Domingos Brazão está detido há dois anos no Presídio Federal de Porto Velho. A defesa fundamentou a solicitação no encerramento do processo no STF com condenação definitiva. Os advogados argumentaram que não existe mais risco à investigação, motivo anteriormente utilizado pelo ministro para manter o conselheiro em penitenciária de segurança máxima.
Condenação e manutenção de salários
Condenado como mandante da morte de Marielle Franco, Domingos Brazão foi preso preventivamente em 24 de março de 2024 pela Polícia Federal. No dia 25 de fevereiro de 2025, ele foi condenado pela 1ª Turma do STF. Votaram a favor os integrantes da Turma: ministro Alexandre de Moraes, relator do caso, Cristiano Zanin, Cármen Lúcia e Flávio Dino, presidente da Turma.
Apesar da condenação, o conselheiro continua recebendo salários do TCE-RJ desde que foi preso. Em quase 2 anos, ele recebeu R$ 726,2 mil do tribunal, se somados a remuneração e penduricalhos como os auxílios educação e saúde.
A manutenção do salário é considerada legal porque Brazão ainda não perdeu o cargo. A decisão da 1ª Turma do STF prevê a perda da função, mas isso só acontece após o trânsito em julgado, quando não houver mais possibilidade de recursos. Até lá, ele segue formalmente vinculado ao tribunal e continua a receber a remuneração.
Desde a morte de Marielle (em março de 2018) até fevereiro, Brazão recebeu R$ 3,1 milhões do tribunal. Na maior parte desses oito anos, o conselheiro esteve afastado do tribunal. Em abril de 2017, Domingos Brazão esteve fora por suspeita de fraude e corrupção.
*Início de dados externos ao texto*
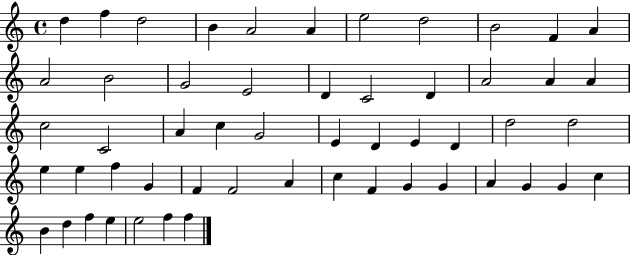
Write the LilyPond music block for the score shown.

{
  \clef treble
  \time 4/4
  \defaultTimeSignature
  \key c \major
  d''4 f''4 d''2 | b'4 a'2 a'4 | e''2 d''2 | b'2 f'4 a'4 | \break a'2 b'2 | g'2 e'2 | d'4 c'2 d'4 | a'2 a'4 a'4 | \break c''2 c'2 | a'4 c''4 g'2 | e'4 d'4 e'4 d'4 | d''2 d''2 | \break e''4 e''4 f''4 g'4 | f'4 f'2 a'4 | c''4 f'4 g'4 g'4 | a'4 g'4 g'4 c''4 | \break b'4 d''4 f''4 e''4 | e''2 f''4 f''4 | \bar "|."
}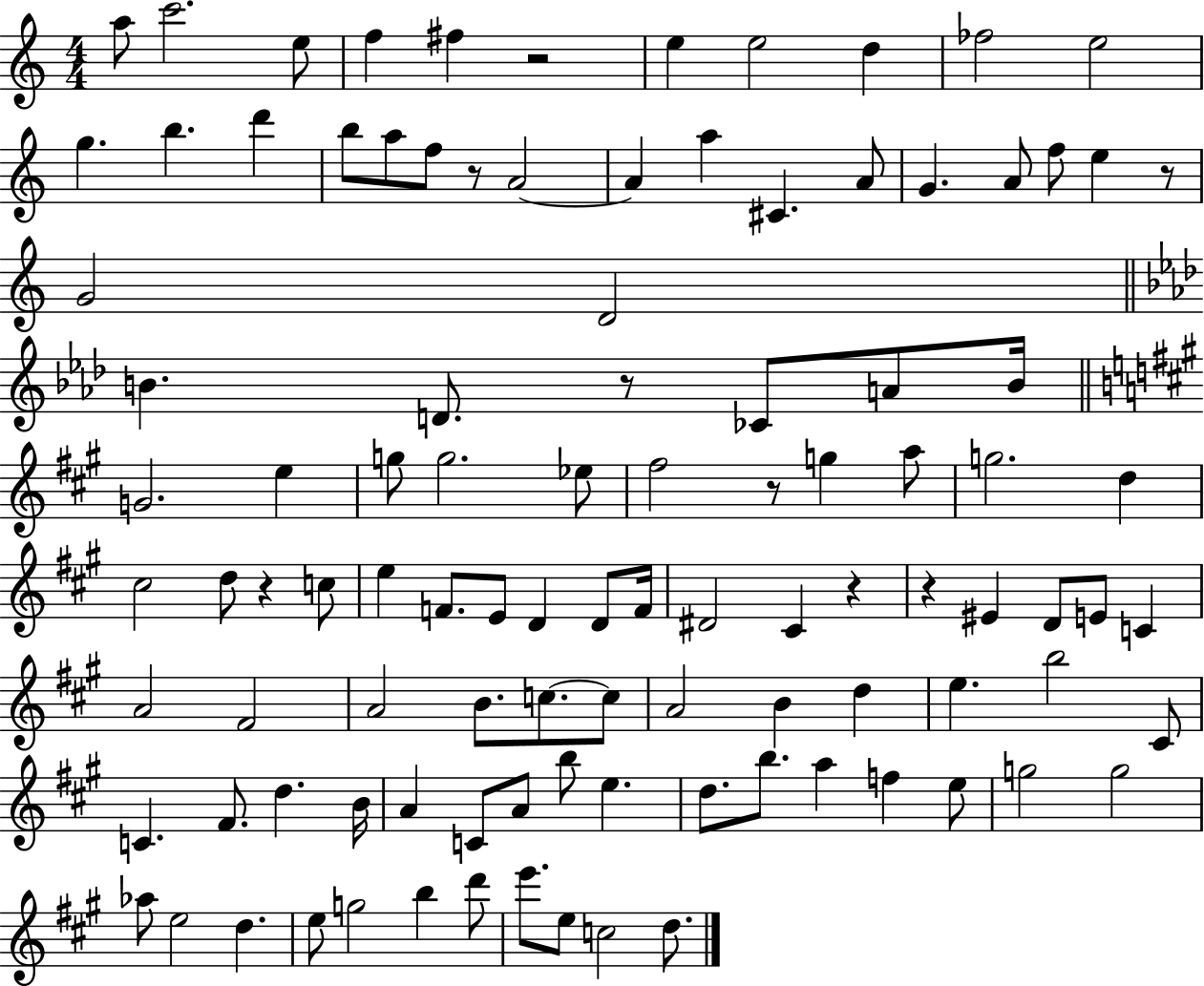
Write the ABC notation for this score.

X:1
T:Untitled
M:4/4
L:1/4
K:C
a/2 c'2 e/2 f ^f z2 e e2 d _f2 e2 g b d' b/2 a/2 f/2 z/2 A2 A a ^C A/2 G A/2 f/2 e z/2 G2 D2 B D/2 z/2 _C/2 A/2 B/4 G2 e g/2 g2 _e/2 ^f2 z/2 g a/2 g2 d ^c2 d/2 z c/2 e F/2 E/2 D D/2 F/4 ^D2 ^C z z ^E D/2 E/2 C A2 ^F2 A2 B/2 c/2 c/2 A2 B d e b2 ^C/2 C ^F/2 d B/4 A C/2 A/2 b/2 e d/2 b/2 a f e/2 g2 g2 _a/2 e2 d e/2 g2 b d'/2 e'/2 e/2 c2 d/2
Ele foi preso na Operação Quinto do Ouro, da Lava Jato.
Brazão foi reconduzido ao cargo em 2023, depois de conseguir decisões favoráveis no Supremo Tribunal Federal e no Tribunal de Justiça do Rio. No período em que ficou longe do TCE, ele recebeu R$ 2.767.685,43.
Em abril de 2024, mês seguinte à prisão por envolvimento na morte de Marielle, os vencimentos de Domingos Brazão no TCE foram R$ 28.767,22. Em fevereiro de 2026, no último salário antes da condenação, o conselheiro recebeu R$ 35.567,60, se somar o salário líquido mais os auxílios.
Outros condenados
O irmão de Domingos, Chiquinho Brazão, também foi condenado a 76 anos e 3 meses de reclusão no mesmo processo. Durante o julgamento, a turma do STF concordou parcialmente com a denúncia da Procuradoria Geral da República (PGR).
A única divergência foi em relação a Rivaldo Barbosa, ex-chefe da Polícia Civil do Rio de Janeiro. Ele foi absolvido do crime de homicídio qualificado por “dúvida razoável”, mas acabou condenado por corrupção passiva e obstrução de justiça, por ter recebido dinheiro da milícia para atrapalhar as investigações. Ao todo, recebeu sentença de 18 anos de prisão.
Ronald Alves de Paula, major da Polícia Militar, foi condenado a 56 anos de reclusão. Robson Calixto, ex-policial militar e ex-assessor de Domingos Brazão, recebeu pena de 9 anos por organização criminosa. Todos os condenados estão presos.